A parte il fatto che quel vestito ha 60 anni e si slaccerebbe anche se Marilyn Monroe risorgesse e lo indossasse lei in persona con la stessa forma che aveva quella sera del 1962 ma, detto questo, ho più il sospetto che il problema principale, nella testa di chi si sente offeso da questo gesto, sia, tecnicamente, il culo.

Eh sì perché il culo di Kim Kardashian, nonostante la dieta lampo fatta per entrare nel vestito, rimane comunque un muscolo tondeggiante di dimensioni particolarmente espansive. Una forma sicuramente poco “naturale”, così come tutte le forme e l’aspetto in generale della ex signora West. Non si perdona che il vestito di una fascinosa diva degli anni ’50 sia stato indossato da una star di Instagram, tutta filtri, filler e botox.

E lo si fa nello stesso periodo storico in cui si grida alla liberazione dei corpi dai giudizi, dagli standard, dalle costrizioni. Insomma non giudichiamo nessun corpo, a meno che non sia un corpo rifatto (o che ci sembra rifatto), in quel caso si può giudicare eccome.

Mi chiedo se lo stesso abito lo avesse indossato, come omaggio, la leggiadra Natalie Portman, con il suo aspetto così nature, la classe della ragazza acqua, sapone e ballerine, e quell’aria da “il Botox è il male”, ci sarebbero state le stesse polemiche?

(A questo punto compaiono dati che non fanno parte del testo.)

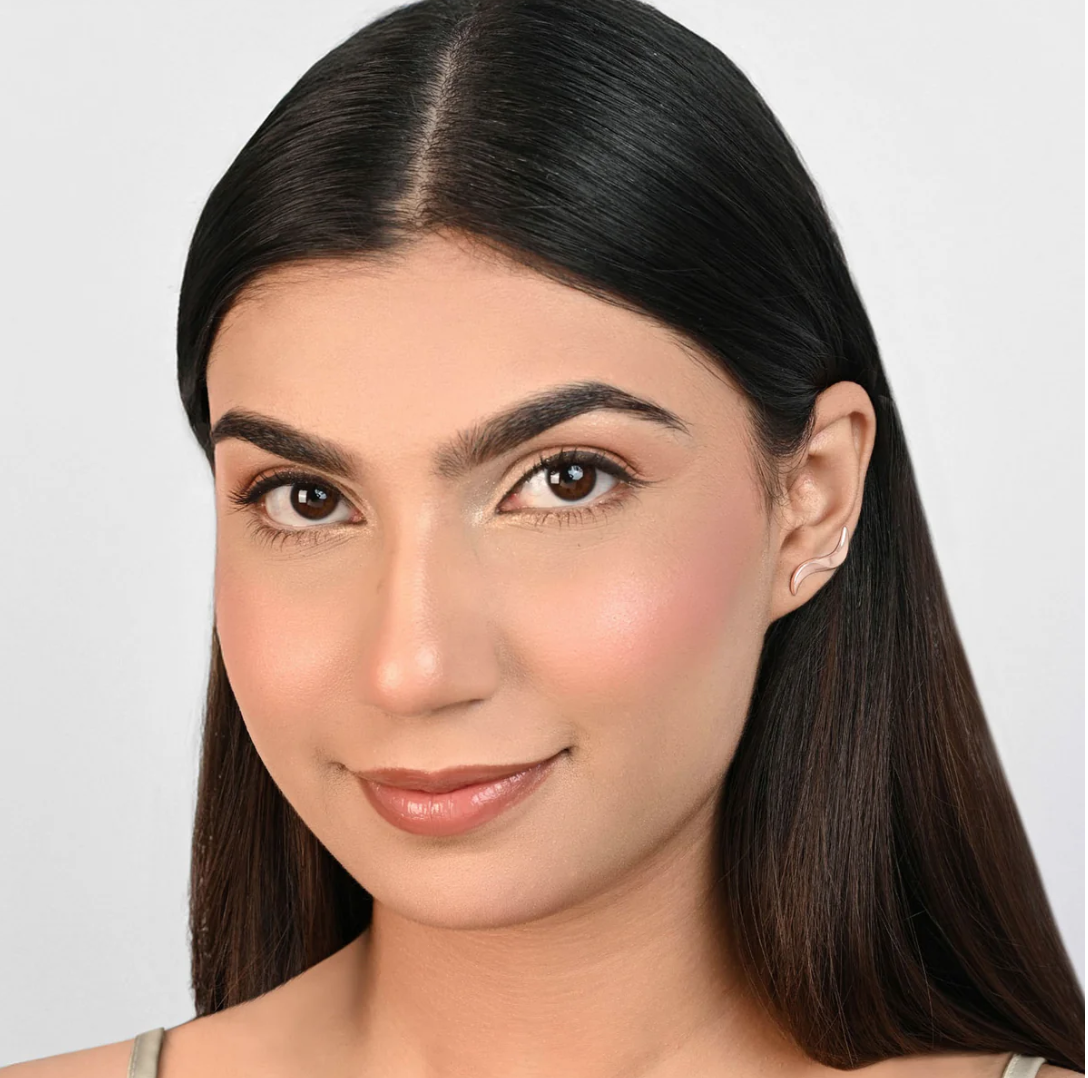 Rose Wave Stud Earrings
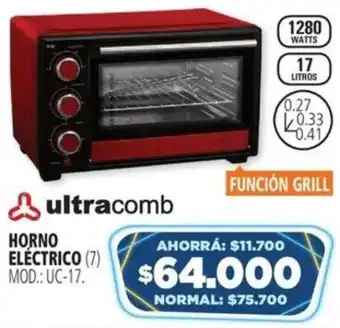 Casa del Audio ultracomb HORNO ELÉCTRICO oferta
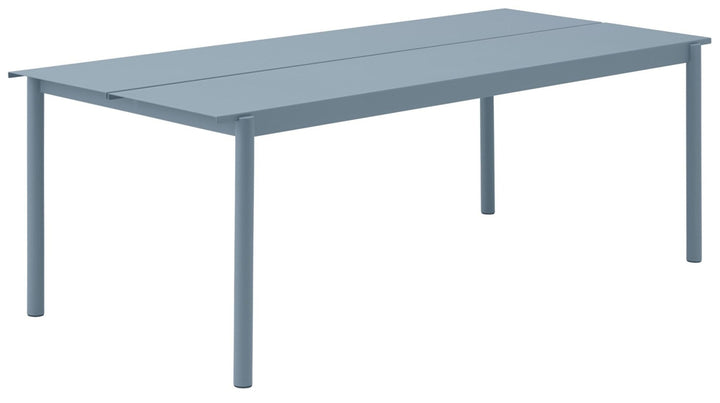 Linear Steel Table - Muuto - Table + Task - Large - Pale Blue - HORNE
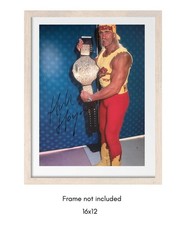 Late Hulk Hogan Hand Signed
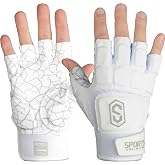 Sports Unlimited Football Lineman Gloves, Max Clash Half Finger Lineman Padded Football Gloves, Men's Football Lineman Gloves, Offensive/Defensive Linemen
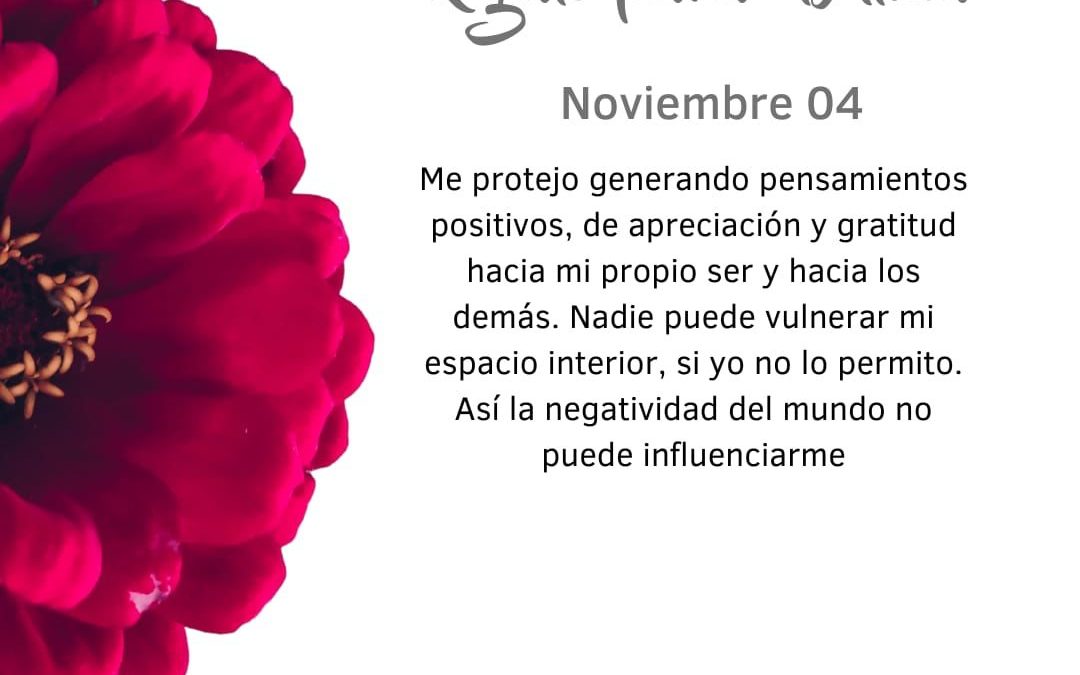 Pensamientos de noviembre: protegerse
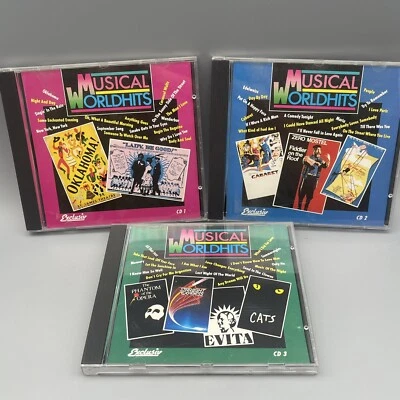 Musical Worldhits  3Cds (Cats,Evita,Starlight ExpressOklahoma,My Fair Lady,..) - Bild 1 von 4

Probabilmente no.

Perché quello che ci fa arrabbiare non è il fatto che qualcuno abbia indossato un abito di Marilyn, ma il fatto che lo abbia indossato “una rifattona”. E nonostante le battaglie degli ultimi anni noi, le rifattone, non riusciamo a perdonarle mai. Che poi Marilyn Monroe si era rifatta attaccatura dei capelli, naso, e mento. Era una “rifattona” pure lei. E ora come la mettiamo?